2020 is the year of linux on the desktop, bro
Fun Shoe
webgl is honestly pretty cool to get started with and it's where i do all my side project work

have some more random resources:

3d basics talk i gave for a bunch of random developers at my previous linux job https://www.youtube.com/watch?v=v8jUNC5WdYE
source code at https://github.com/magcius/sw3dv

some random open-source things i have written:

https://magcius.github.io/model-viewer/ https://github.com/magcius/model-viewer
https://magcius.github.io/bmdview.js/bmdview.html https://github.com/magcius/bmdview.js
https://magcius.github.io/pbrtview/src/pbrtview.html https://github.com/magcius/pbrtview

Comfy Fleece Sweater
Apr 2, 2013

You see, but you do not observe.

ADINSX posted:

Other than "poo poo should just work right", and "poo poo should be debug-able" what features would you wanna see in some theoretical next generation of graphics cards?

sucks my dick and tells me I'm a good boy

anthonypants
May 6, 2007

by Nyc_Tattoo
Dinosaur Gum

Comfy Fleece Sweater posted:

sucks my dick and tells me I'm a good boy
yeah put me down for one of these also

peepsalot
Apr 24, 2007

        PEEP THIS...
           BITCH!

hey op have you used this https://developer.nvidia.com/linux-graphics-debugger and do you think its a POS?

Suspicious Dish
Sep 24, 2011

2020 is the year of linux on the desktop, bro
Fun Shoe
not that specific build, but i've used the tegra version of it, and another private version of it

https://developer.nvidia.com/tegra-graphics-debugger

it sucks.

feedmegin
Jul 30, 2008

Suspicious Dish posted:

since their shader compiler has to run real-time and be fast and can't do that much in terms of optimization)

Why

josh04
Oct 19, 2008


"THE FLASH IS THE REASON
TO RACE TO THE THEATRES"

This title contains sponsored content.

my fellow, have you heard of SPIR-V???

Main Paineframe
Oct 27, 2010

Suspicious Dish posted:

webgl is honestly pretty cool to get started with and it's where i do all my side project work

webgl seems like one of those things that should be either hilarious or terrifying

"hello, we're just gonna let random javascript on some random website talk directly to your graphics card without your knowledge or confirmation, this sounds like a fantastic idea with no downsides whatsoever"

Suspicious Dish
Sep 24, 2011

2020 is the year of linux on the desktop, bro
Fun Shoe
nah, google basically made their own libgl which compiles to direct3d called angle for safety (and driver workaround) purposes

webgl doesn't just run the driver's libgl.

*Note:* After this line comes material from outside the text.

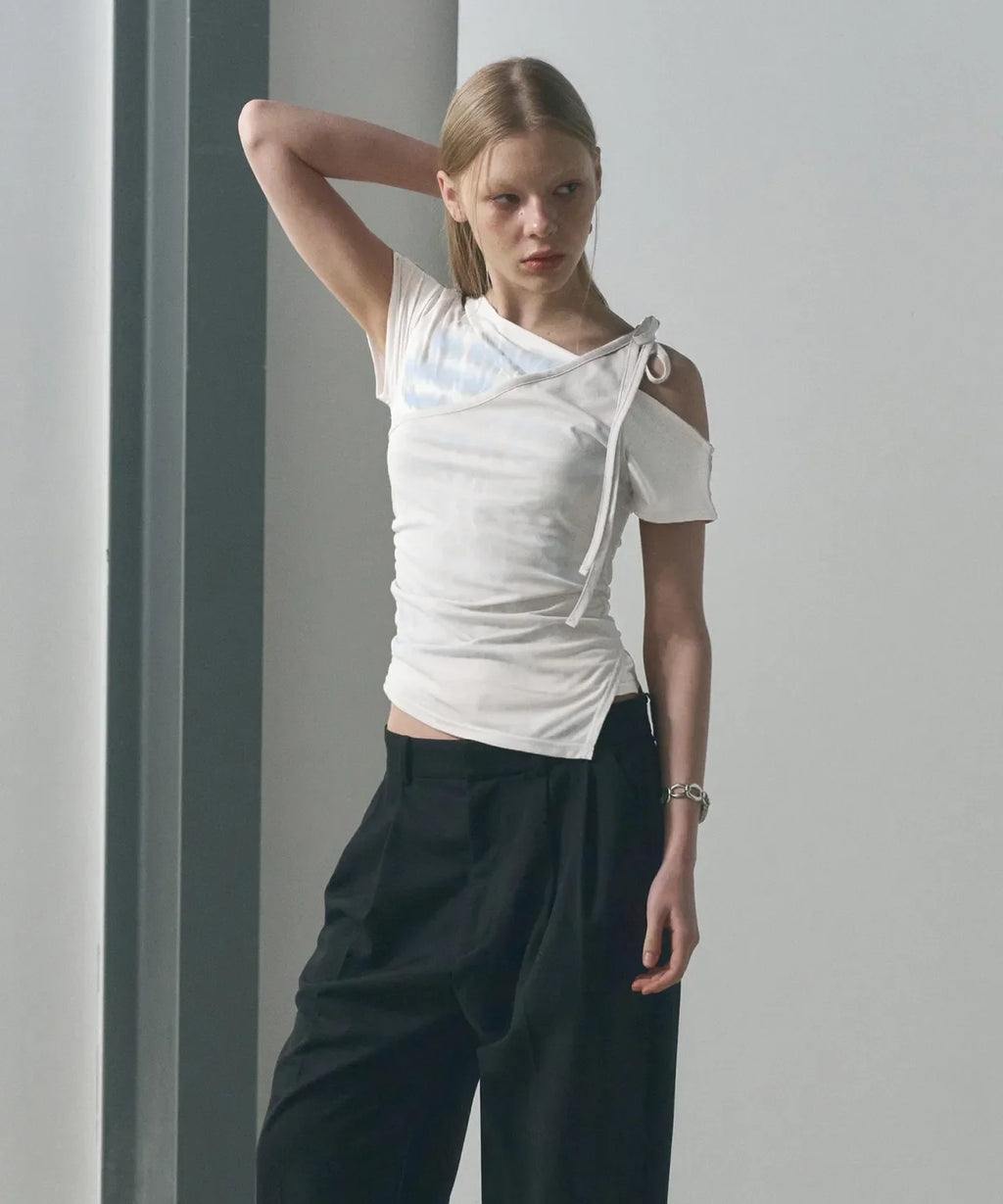 Layered off-shoulder short sleeve - white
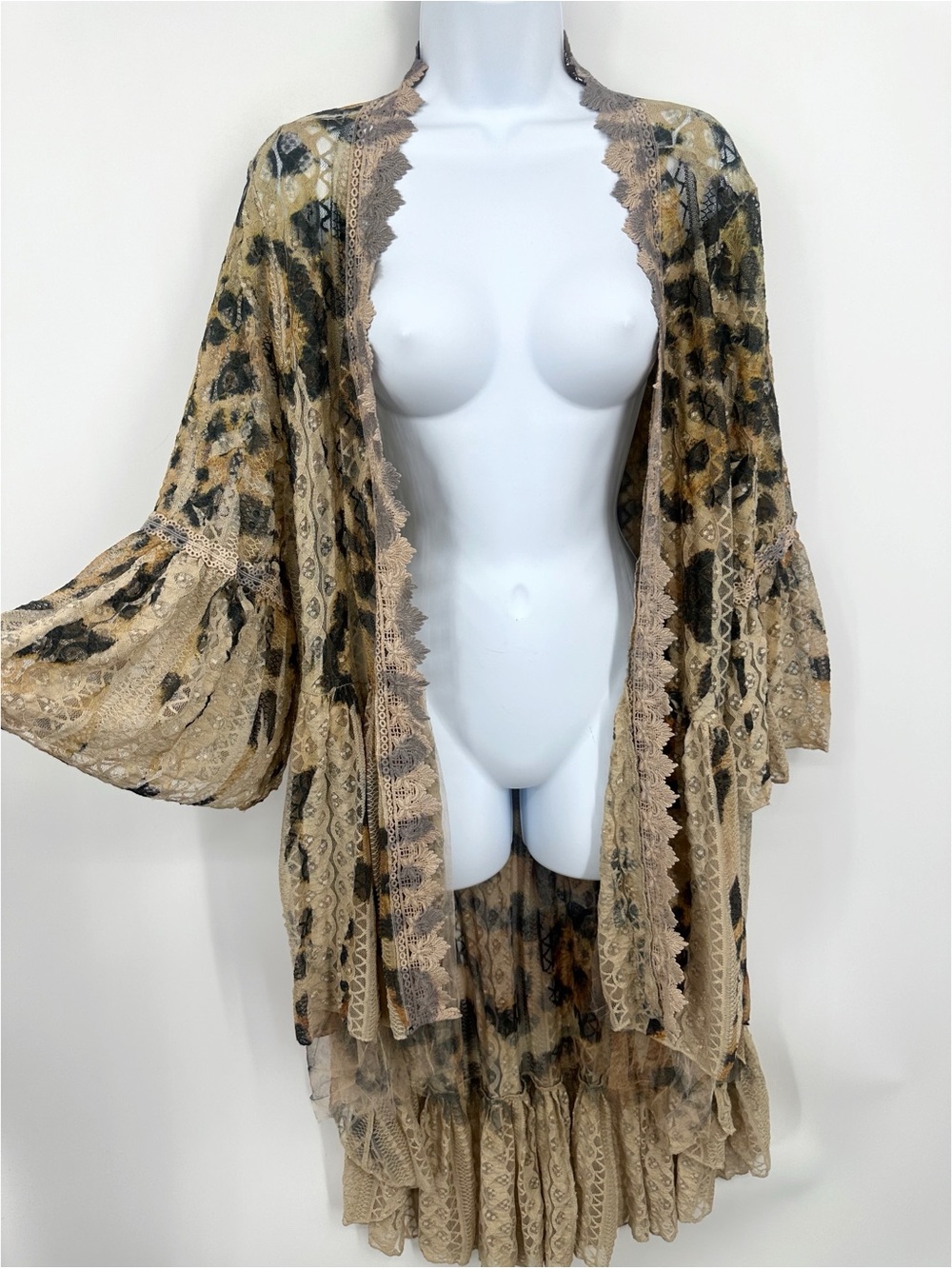 Boho Leopard Print Kimono Size Large Whimsical Fairycore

fun fact: microsoft said that webgl would be the most stupid security thing and then people thought microsoft was being anticompetitive until people found a bunch of stupid security things

Suspicious Dish fucked around with this message at 17:18 on Sep 30, 2017

Suspicious Dish
Sep 24, 2011

2020 is the year of linux on the desktop, bro
Fun Shoe

because users want fast loading times

Suspicious Dish
Sep 24, 2011

2020 is the year of linux on the desktop, bro
Fun Shoe
random side-project update

android ships a software libgl called "pixelflinger": https://android.googlesource.com/platform/system/core/+/master/libpixelflinger/

i thought it died out years ago since it was really only meant as a hw bringup kind of thing, but apparently some hardware drivers still use it in a fallback path or something, because i just got a call stack on my android tablet which had pixelflinger in it

Notorious b.s.d.
Jan 25, 2003

by Reene

Suspicious Dish posted:

random side-project update

android ships a software libgl called "pixelflinger": https://android.googlesource.com/platform/system/core/+/master/libpixelflinger/

i thought it died out years ago since it was really only meant as a hw bringup kind of thing, but apparently some hardware drivers still use it in a fallback path or something, because i just got a call stack on my android tablet which had pixelflinger in it

i thought android tablets are a wasteland of broken code and abandoned SoCs

this kinda confirms that impression

The Management
Jan 2, 2010

sup, bitch?
wait, they still make android tablets?

fishmech
Jul 16, 2006

by VideoGames
Salad Prong

The Management posted:

wait, they still make android tablets?

they're massively more popular than the failing ipad

Doc Block
Apr 15, 2003
Fun Shoe
android tablets are doing great work and they're being recognized more and more. not like the failing ipad. sad!

feedmegin
Jul 30, 2008

The Management posted:

wait, they still make android tablets?

Literally reading this on my Galaxy Tab S2

Harik
Sep 9, 2001

From the hard streets of Moscow
First dog to touch the stars


Plaster Town Cop

Suspicious Dish posted:

random side-project update

android ships a software libgl called "pixelflinger": https://android.googlesource.com/platform/system/core/+/master/libpixelflinger/

i thought it died out years ago since it was really only meant as a hw bringup kind of thing, but apparently some hardware drivers still use it in a fallback path or something, because i just got a call stack on my android tablet which had pixelflinger in it

apparently it's still a thing, since Android Backstage still has talks about it in 2017.

Suspicious Dish posted:

hi i'm a gpu guy i work on the grpahics at video games and previously i worked on the mali gpu driver to try and make it not suck (i wasnt successful)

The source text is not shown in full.